» **What is being asked**:
Lines from the one containing "Portrait of extremely" to the end of the data below are to be restated exactly, with both ends included and nothing else.

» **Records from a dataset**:
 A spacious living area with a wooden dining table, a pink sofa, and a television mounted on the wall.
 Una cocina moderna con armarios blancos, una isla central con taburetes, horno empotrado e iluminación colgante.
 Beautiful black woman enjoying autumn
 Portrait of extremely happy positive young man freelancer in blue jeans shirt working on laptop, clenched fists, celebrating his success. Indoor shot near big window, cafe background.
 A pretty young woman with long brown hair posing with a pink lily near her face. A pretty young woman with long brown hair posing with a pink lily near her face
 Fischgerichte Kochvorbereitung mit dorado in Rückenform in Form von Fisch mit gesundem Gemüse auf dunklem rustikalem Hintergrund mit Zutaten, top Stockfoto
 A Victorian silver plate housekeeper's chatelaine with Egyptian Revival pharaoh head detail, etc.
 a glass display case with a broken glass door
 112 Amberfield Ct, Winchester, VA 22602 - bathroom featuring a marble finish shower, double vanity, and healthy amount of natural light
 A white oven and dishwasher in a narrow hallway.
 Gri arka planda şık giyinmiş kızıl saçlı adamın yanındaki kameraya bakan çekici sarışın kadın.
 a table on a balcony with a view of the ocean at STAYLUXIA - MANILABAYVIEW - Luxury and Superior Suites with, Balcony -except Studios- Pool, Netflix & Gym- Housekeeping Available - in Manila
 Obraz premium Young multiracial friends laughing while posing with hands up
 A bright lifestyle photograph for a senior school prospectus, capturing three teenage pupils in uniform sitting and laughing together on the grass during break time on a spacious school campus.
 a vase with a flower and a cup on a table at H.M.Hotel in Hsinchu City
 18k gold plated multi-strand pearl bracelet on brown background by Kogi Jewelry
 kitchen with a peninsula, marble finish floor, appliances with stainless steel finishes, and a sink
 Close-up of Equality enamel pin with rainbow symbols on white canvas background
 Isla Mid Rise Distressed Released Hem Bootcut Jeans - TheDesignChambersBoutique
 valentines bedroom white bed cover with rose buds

» **Task response**:
 Portrait of extremely happy positive young man freelancer in blue jeans shirt working on laptop, clenched fists, celebrating his success. Indoor shot near big window, cafe background.
 A pretty young woman with long brown hair posing with a pink lily near her face. A pretty young woman with long brown hair posing with a pink lily near her face
 Fischgerichte Kochvorbereitung mit dorado in Rückenform in Form von Fisch mit gesundem Gemüse auf dunklem rustikalem Hintergrund mit Zutaten, top Stockfoto
 A Victorian silver plate housekeeper's chatelaine with Egyptian Revival pharaoh head detail, etc.
 a glass display case with a broken glass door
 112 Amberfield Ct, Winchester, VA 22602 - bathroom featuring a marble finish shower, double vanity, and healthy amount of natural light
 A white oven and dishwasher in a narrow hallway.
 Gri arka planda şık giyinmiş kızıl saçlı adamın yanındaki kameraya bakan çekici sarışın kadın.
 a table on a balcony with a view of the ocean at STAYLUXIA - MANILABAYVIEW - Luxury and Superior Suites with, Balcony -except Studios- Pool, Netflix & Gym- Housekeeping Available - in Manila
 Obraz premium Young multiracial friends laughing while posing with hands up
 A bright lifestyle photograph for a senior school prospectus, capturing three teenage pupils in uniform sitting and laughing together on the grass during break time on a spacious school campus.
 a vase with a flower and a cup on a table at H.M.Hotel in Hsinchu City
 18k gold plated multi-strand pearl bracelet on brown background by Kogi Jewelry
 kitchen with a peninsula, marble finish floor, appliances with stainless steel finishes, and a sink
 Close-up of Equality enamel pin with rainbow symbols on white canvas background
 Isla Mid Rise Distressed Released Hem Bootcut Jeans - TheDesignChambersBoutique
 valentines bedroom white bed cover with rose buds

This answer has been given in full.